** Opening GIVEN MATERIAL block **
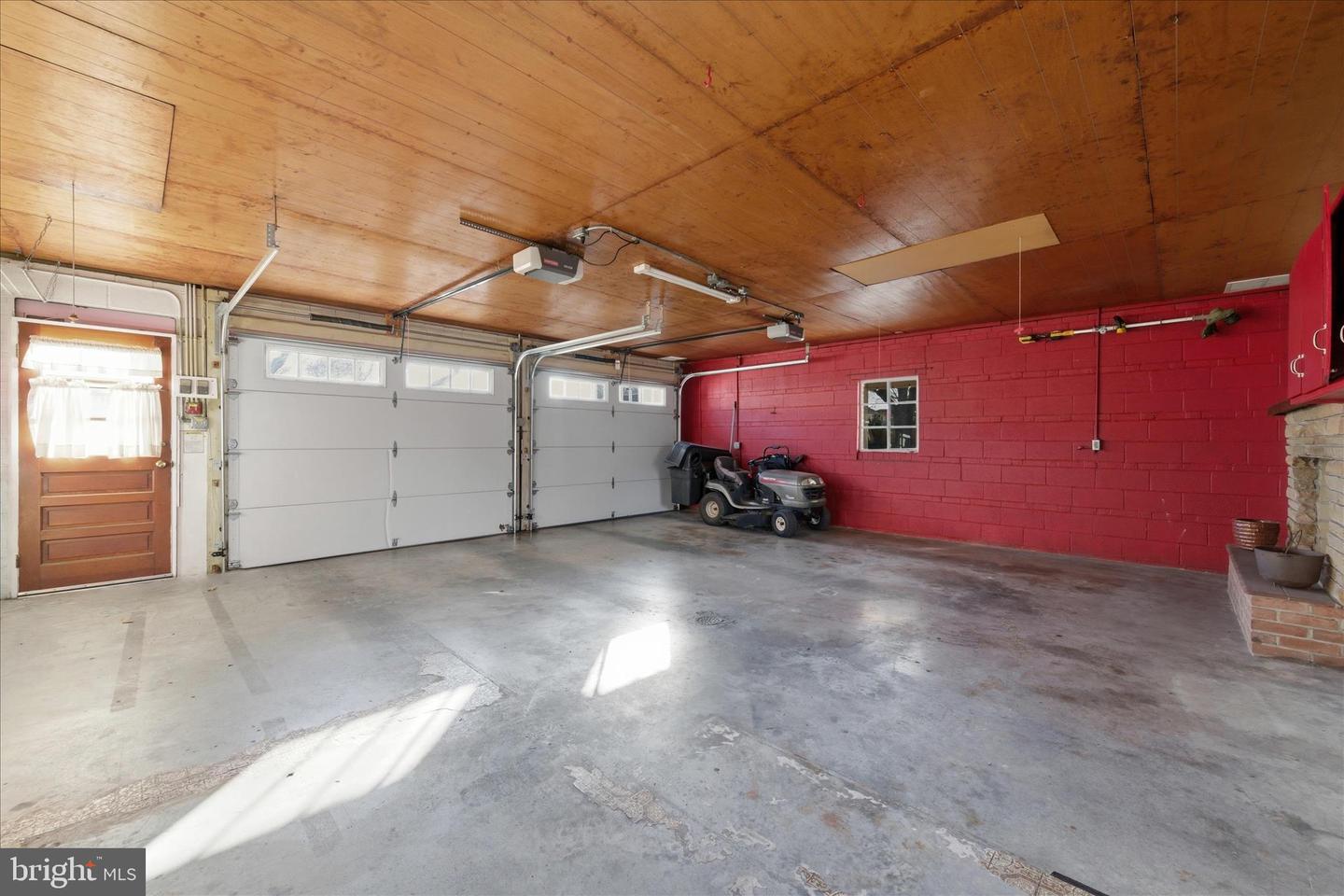 411 VAN FOSSEN ST, WINCHESTER, Virginia 22601, 5 Bedrooms Bedrooms, ,2 BathroomsBathrooms,Residential,For sale,411 VAN FOSSEN ST,VAWI2010068 MLS # VAWI2010068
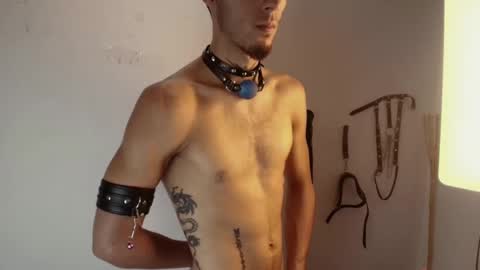 Snapshot of dark_rosse1 chatting on 02-06-26, 10:35 rosse online show from 02-06-26, 10:35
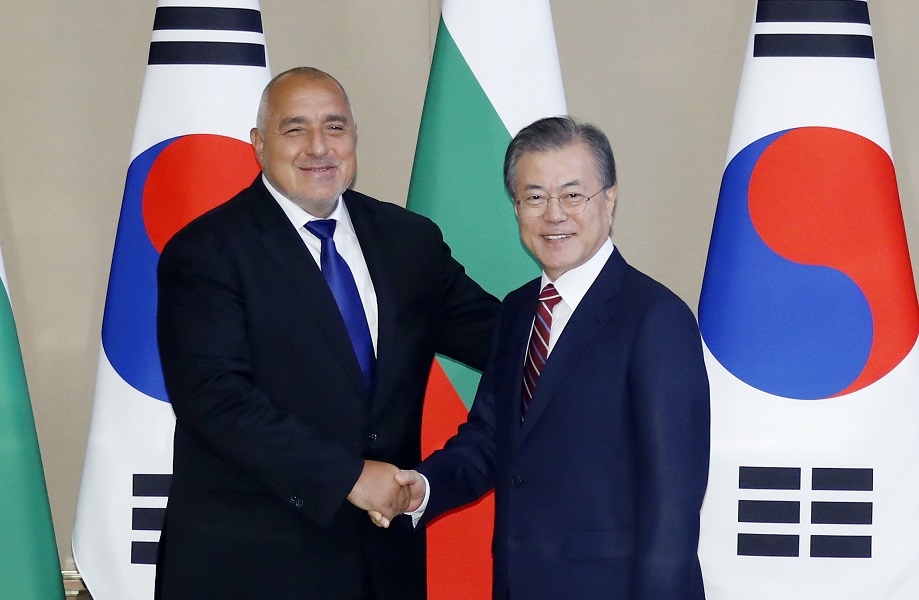 ▲문재인 대통령이 27일 오전 청와대에서 보이코 보리소프 불가리아 총리와 정상회담을 열기에 앞서 악수하고 있다. 보리소프 총리는 문 대통령의 초청으로 공식 방한했으며, 불가리아 총리가 방한한 것은 이번이 처음이다.(연합뉴스)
** Closing GIVEN MATERIAL block **
(YOUR GOAL): Pictures in the listing above must be skipped; everything else should be copied exactly.

(TASK RESULT):
 411 VAN FOSSEN ST, WINCHESTER, Virginia 22601, 5 Bedrooms Bedrooms, ,2 BathroomsBathrooms,Residential,For sale,411 VAN FOSSEN ST,VAWI2010068 MLS # VAWI2010068
 Snapshot of dark_rosse1 chatting on 02-06-26, 10:35 rosse online show from 02-06-26, 10:35
 ▲문재인 대통령이 27일 오전 청와대에서 보이코 보리소프 불가리아 총리와 정상회담을 열기에 앞서 악수하고 있다. 보리소프 총리는 문 대통령의 초청으로 공식 방한했으며, 불가리아 총리가 방한한 것은 이번이 처음이다.(연합뉴스)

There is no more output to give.